◆ Requirement ◆
Among the entries below, take the line with "100ml Original JEAN" and the line with "Switch Huawei S220S-8P4J ...", and output them and every line between them exactly, with nothing else.

◆ Task inputs ◆
################

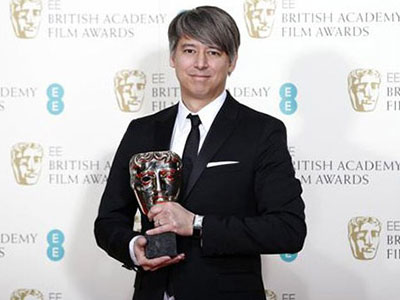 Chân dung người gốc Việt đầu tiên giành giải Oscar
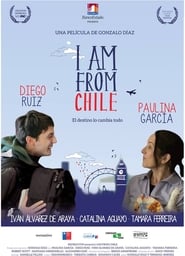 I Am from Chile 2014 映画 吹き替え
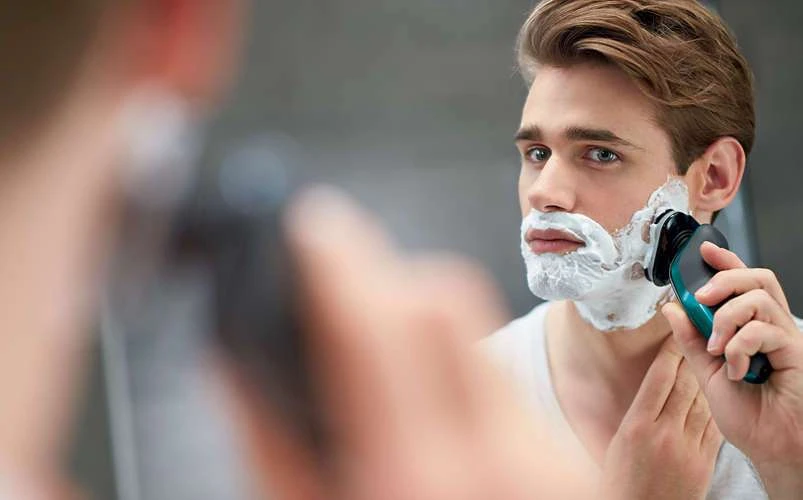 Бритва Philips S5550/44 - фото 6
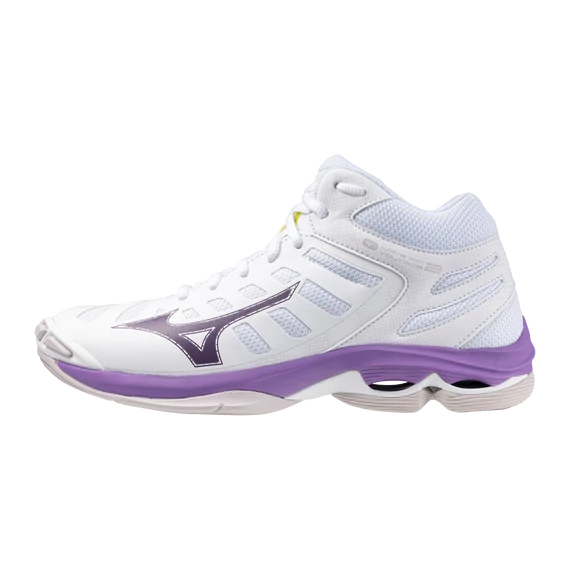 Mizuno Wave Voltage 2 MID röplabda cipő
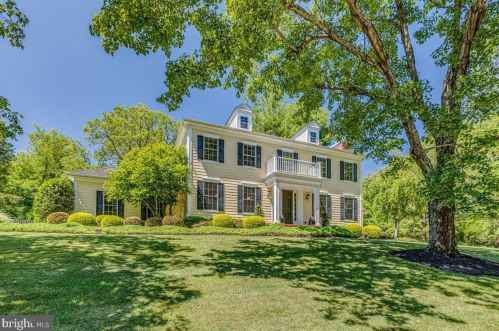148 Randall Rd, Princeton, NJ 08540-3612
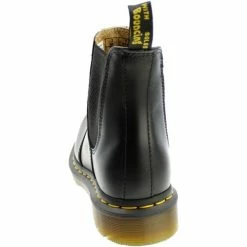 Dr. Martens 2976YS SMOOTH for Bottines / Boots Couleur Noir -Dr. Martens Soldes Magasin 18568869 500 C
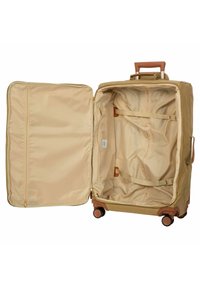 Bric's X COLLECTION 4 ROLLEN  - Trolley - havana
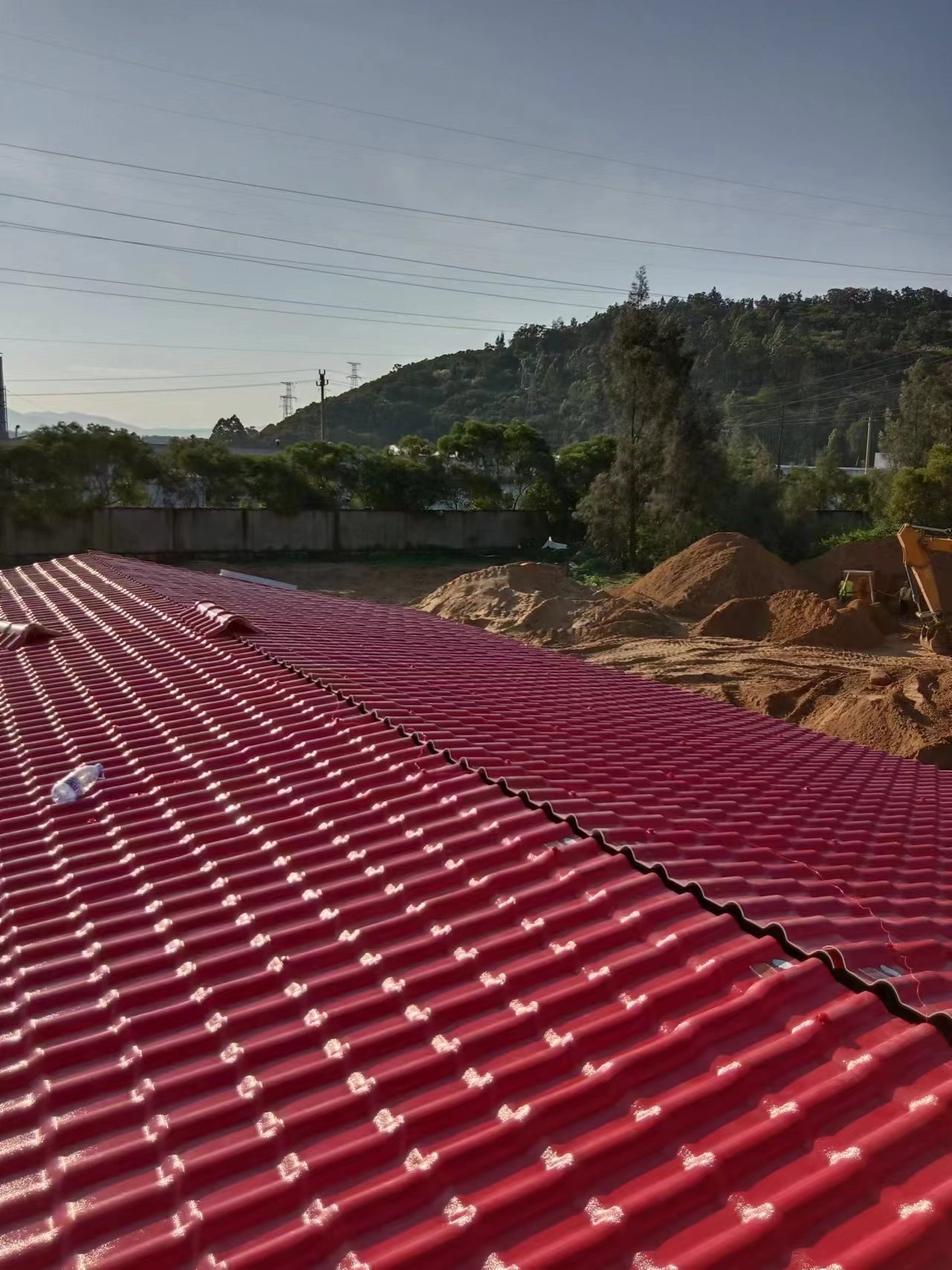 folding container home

################

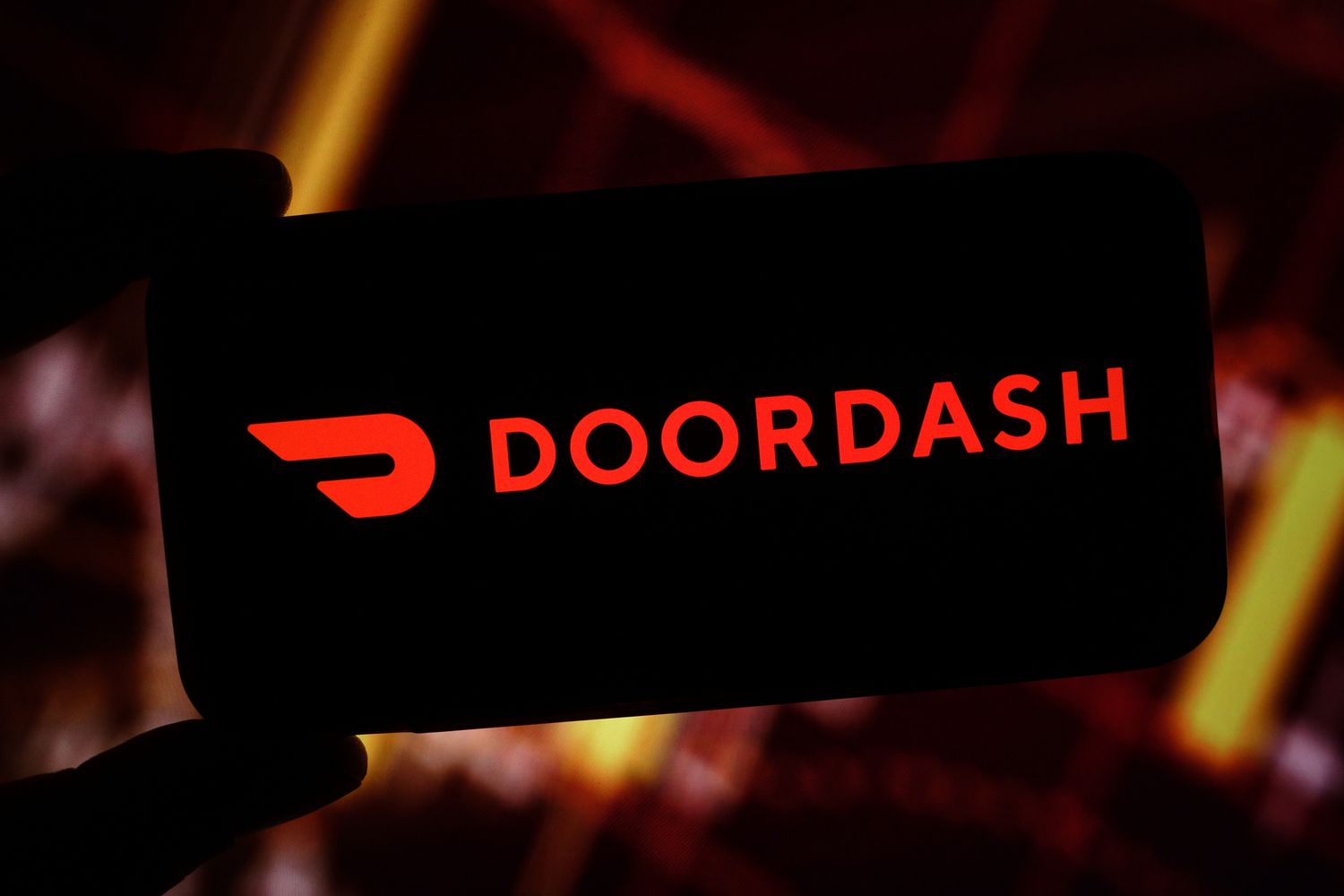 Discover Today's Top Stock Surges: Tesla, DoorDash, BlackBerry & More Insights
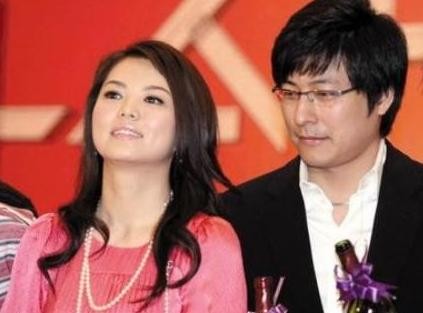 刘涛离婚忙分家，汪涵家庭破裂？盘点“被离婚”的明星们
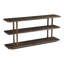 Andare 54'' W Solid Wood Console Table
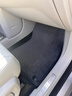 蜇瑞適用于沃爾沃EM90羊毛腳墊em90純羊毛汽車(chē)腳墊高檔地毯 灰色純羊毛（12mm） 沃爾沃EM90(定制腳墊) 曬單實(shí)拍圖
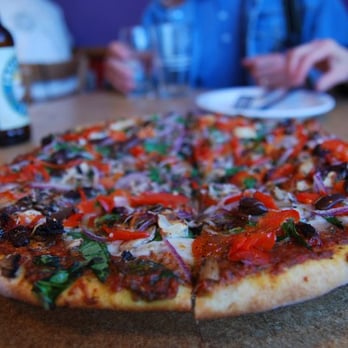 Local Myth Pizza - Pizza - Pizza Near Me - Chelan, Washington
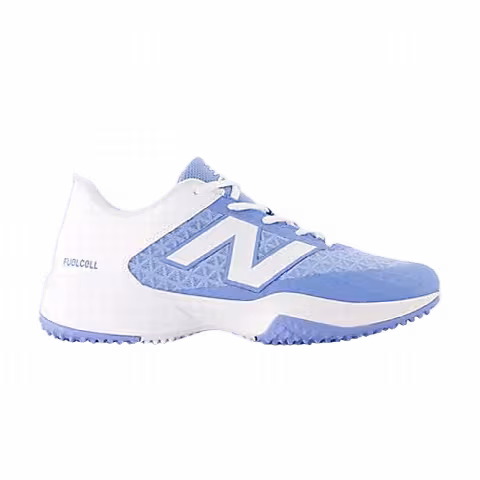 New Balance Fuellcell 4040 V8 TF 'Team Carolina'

################

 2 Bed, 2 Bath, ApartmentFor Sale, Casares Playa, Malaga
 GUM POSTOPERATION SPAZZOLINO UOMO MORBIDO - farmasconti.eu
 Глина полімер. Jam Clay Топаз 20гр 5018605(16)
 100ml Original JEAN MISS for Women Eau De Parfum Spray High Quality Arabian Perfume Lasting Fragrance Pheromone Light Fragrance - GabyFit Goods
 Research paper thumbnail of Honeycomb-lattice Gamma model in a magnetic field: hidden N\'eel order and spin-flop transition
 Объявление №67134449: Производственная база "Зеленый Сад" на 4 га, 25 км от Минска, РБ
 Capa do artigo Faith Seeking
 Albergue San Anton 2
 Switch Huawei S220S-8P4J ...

################

◆ Completed task ◆
 100ml Original JEAN MISS for Women Eau De Parfum Spray High Quality Arabian Perfume Lasting Fragrance Pheromone Light Fragrance - GabyFit Goods
 Research paper thumbnail of Honeycomb-lattice Gamma model in a magnetic field: hidden N\'eel order and spin-flop transition
 Объявление №67134449: Производственная база "Зеленый Сад" на 4 га, 25 км от Минска, РБ
 Capa do artigo Faith Seeking
 Albergue San Anton 2
 Switch Huawei S220S-8P4J ...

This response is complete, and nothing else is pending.